Témoignages de clients Le montant de la fraude fiscale présumée reste très incertain. Dans un accord en juin pour constituer une équipe d'enquête commune avec les Français, les Belges relevaient que, "à la date du 16/05/2013, les impôts et les accroissements dus s'élevaient" à 361 millions d'euros "alors que les montants payés s'élevaient" à 15 millions d'euros. Fin 2012, dans une lettre à leurs collègues français, les magistrats espagnols Juan Jose Rosa et Carmen Launa relevaient que les fichiers Falciani sur HSBC avaient permis de démasquer les fraudeurs, contraignant ceux-ci à accepter une régularisation massive, "la plus importante de l'histoire fiscale espagnole". A l'appui de leur conviction, les enquêteurs disposent d'une arme: démasqués par ces fichiers, les fraudeurs ne montrent guère de zèle pour défendre la banque. En France, l'un d'eux, cadre bancaire de haut vol en retraite, leur a expliqué ne pas comprendre "pourquoi l'administration fiscale ne se retourne pas contre la HSBC Private Bank Suisse pour avoir mis à disposition de ses clients des structures offshore". Un autre, qui travaille dans l'import-export avec la Chine, leur a raconté comment un conseiller de la filiale suisse lui avait "conseillé par téléphone de procéder à la création d'une société dans les Îles Vierges britanniques afin de dissimuler les revenus liés à (son) activité professionnelle en France". Un chef d'entreprise explique que c'est la banque genevoise "qui s'est occupée de créer, de monter et de fermer" sa société panaméenne.
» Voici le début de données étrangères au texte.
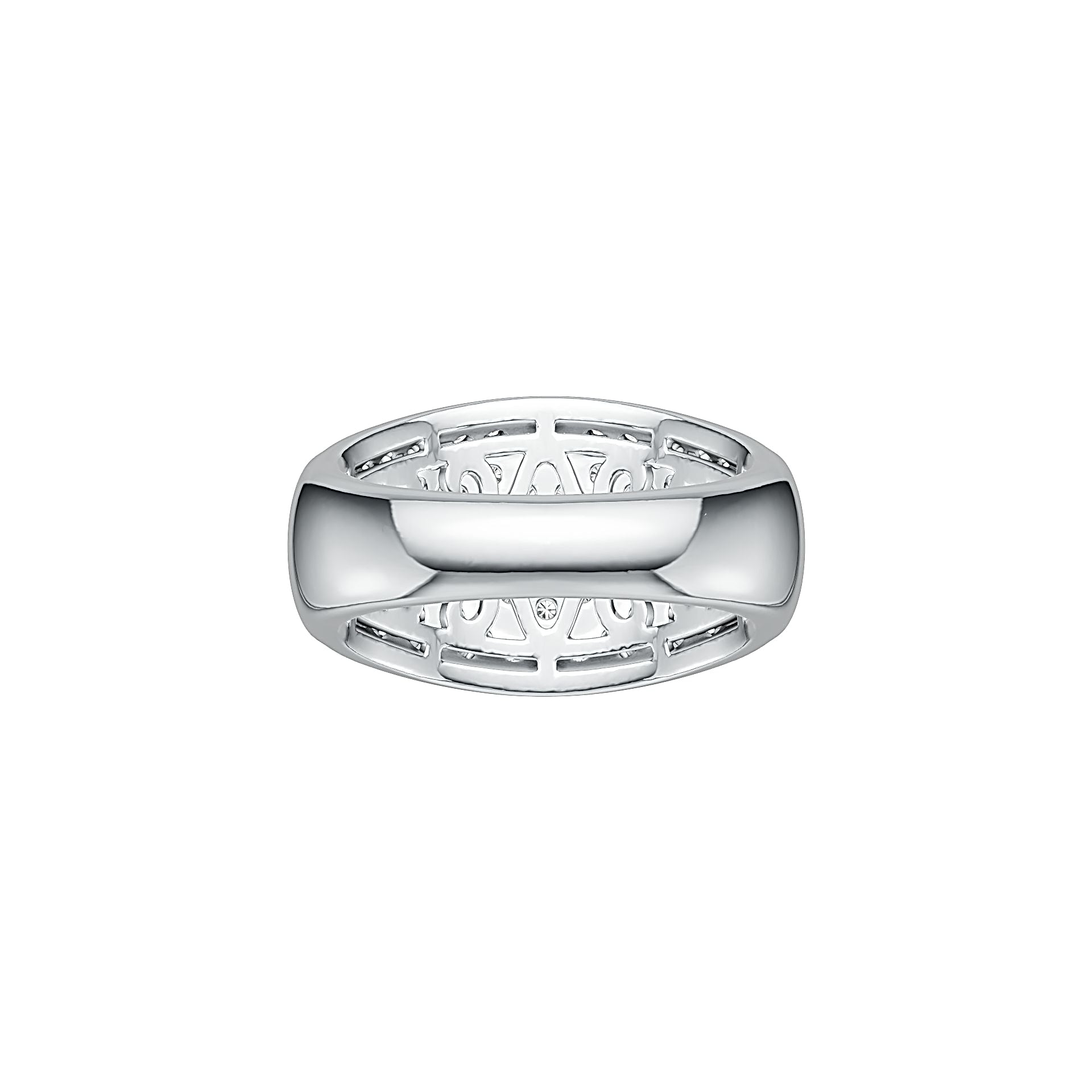 Sterling Silver Pave Ring Heart Theme with White Topaz or Moissanite - Syzjewelry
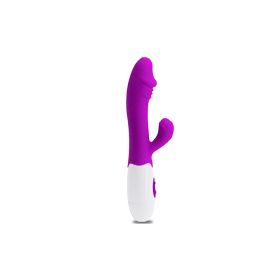 Dildo Rabbit  Vibration G-spot Clitoral Stimulate Vibrator (30 Patterns) - Purple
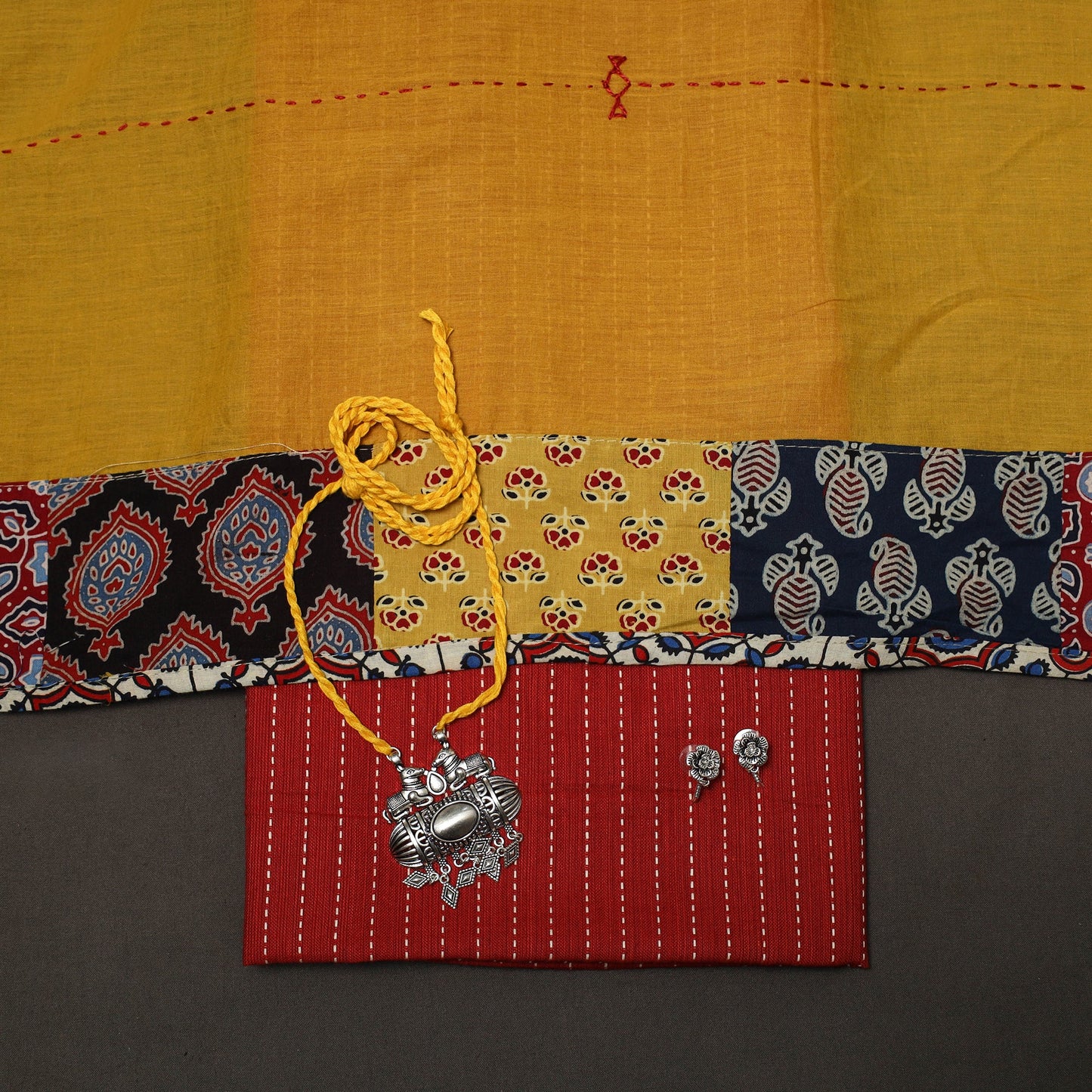 Jacquard weave cotton 2pc unstitched dress material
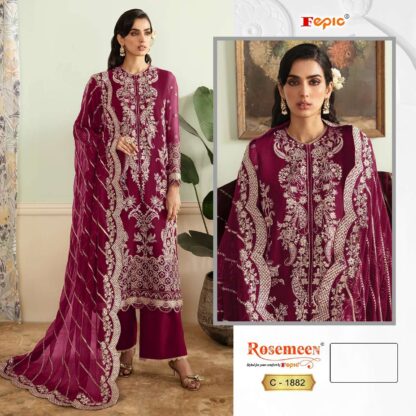 FEPIC ROSEMEEN C 1882 PAKISTANI SALWAR KAMEEZ SINGLE PIECE BEST QUALITY PAKISTANI SUITS, FEPIC ROSEMEEN C 1882, PAKISTANI SUITS AT MANUFACTURER PRICE, PAKISTANI SUITS BEST PRICE, PAKISTANI SUITS COLLECTION, PAKISTANI SUITS ONLINE SHOPPING, PAKISTANI SUITS ONLINE SHOPPING IN INDIA, PAKISTANI SUITS WHOLESALE  FEPIC ROSEMEEN, Pakistani Suits, Salwar Kameez, Single, Suits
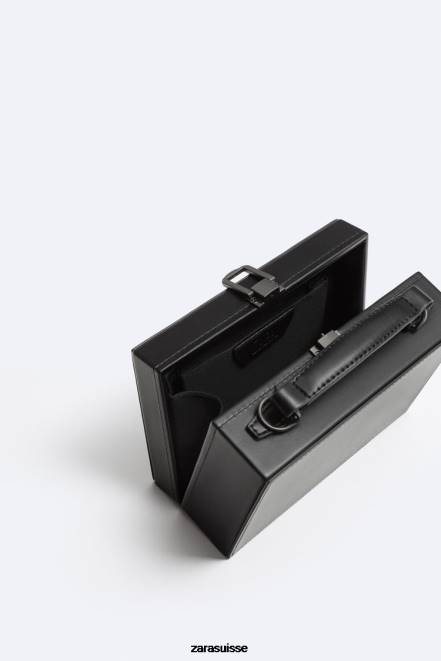 Zara accessoires P66V1311 Hommes sac à bandoulière à boîte rigide noir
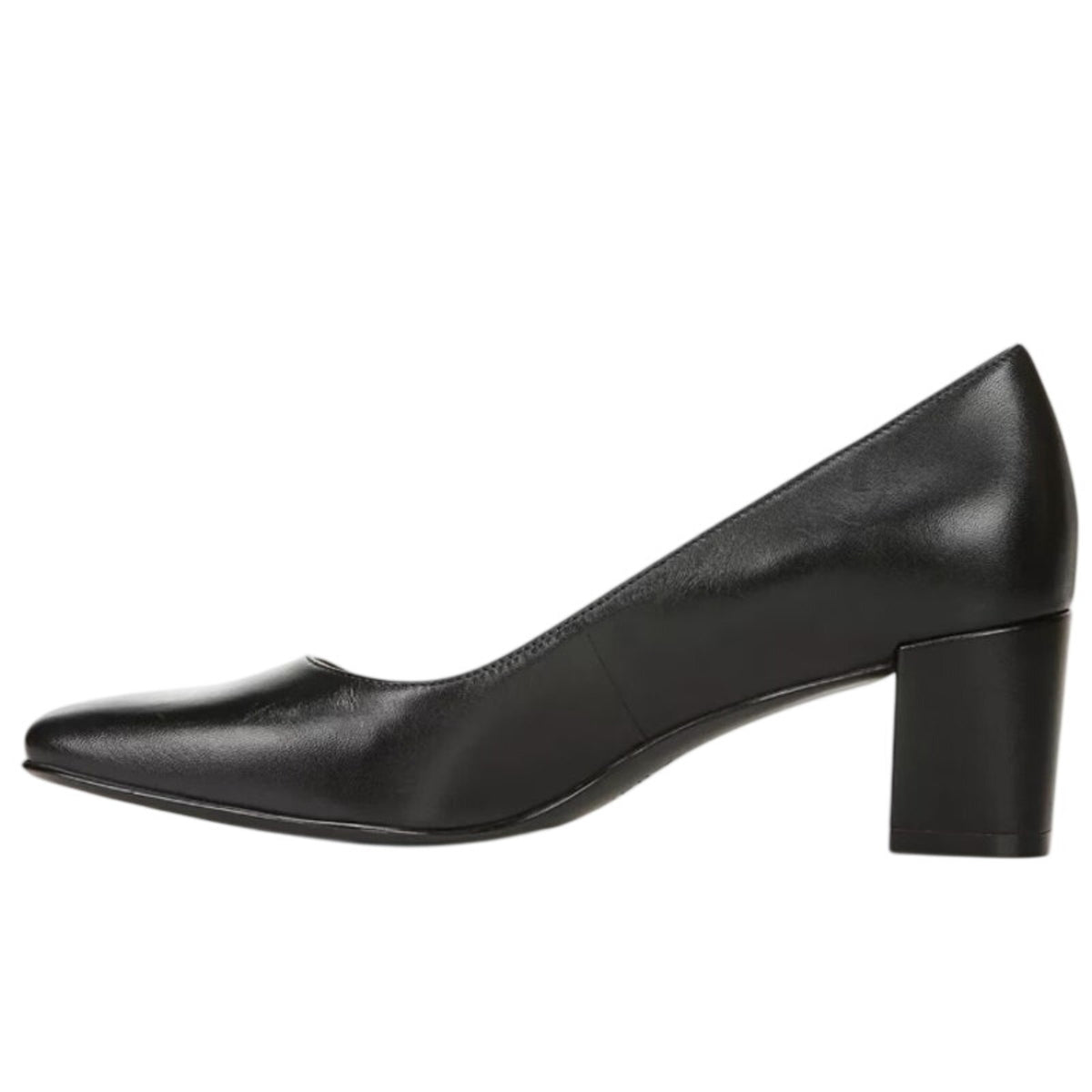 Naturalizer Womens Karina Pumps Size 7.5 Wide EU 38 Black Leather Heels NIB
'Eluder les charges fiscales' HSBC assure demander à ses "clients d'être transparents pour tout ce qui concerne leurs affaires fiscales, et de se soumettre aux règlementations fiscales en vigueur". "Si un client ne veut pas être transparent pour ce qui concerne ses obligations fiscales, ou si HSBC soupçonne des pratiques s'apparentant à de l'évasion fiscale, le groupe n'engage pas ou cesse toute relation commerciale", affirme la banque. Les justices belge et française se penchent notamment sur l'attitude de la banque dans la foulée de la directive européenne sur l'imposition des revenus de l'épargne (ESD) au début des années 2000, qui visait à éviter que les intérêts financiers perçus par un contribuable d'un Etat de l'Union européenne (UE) résidant dans un autre pays membre n'échappent à l'impôt. En vertu d'une convention de 2004, l'UE reconnaissait en outre le secret bancaire helvète mais les Suisses, en échange, s'engageaient à prélever à la source l'impôt sur les produits financiers pour les résidents de l'UE. Une retenue non négligeable: 15% à partir de 2005 et 35% à compter de 2011. Dans ce contexte, les clients de HSBC Private Bank de Genève auraient été informés par la banque "des alternatives suivantes, soit la souscription de produits non soumis au nouvel impôt; soit la création" d'une société offshore, d'une fondation ou d'un trust "ayant pour vocation de se substituer à la personne physique", explique une source judiciaire française. La première option ne paraissant "pas très attractive" à ces clients fortunés, la majorité a opté pour la seconde "sans autre motif que celui d'éluder les charges fiscales", selon cette source. A ses yeux, la banque a souvent pris "l'initiative de proposer à ses clients un dispositif de contournement de la taxe et de dissimulation des avoirs, alors même que certains clients ne le souhaitent pas initialement". Un service facturé, puisque selon cette source, "pour la création d'une société panaméenne, les tarifs varient entre 850 dollars par an et 3.000 dollars". Une régularisation fiscale de ces clients apparaissait "contraire aux intérêts de la banque", explique encore cette source. Là encore, les enquêteurs disposent de données issues des fichiers Falciani, notamment des comptes rendus, par des chargés de clientèle, de rencontres avec des clients.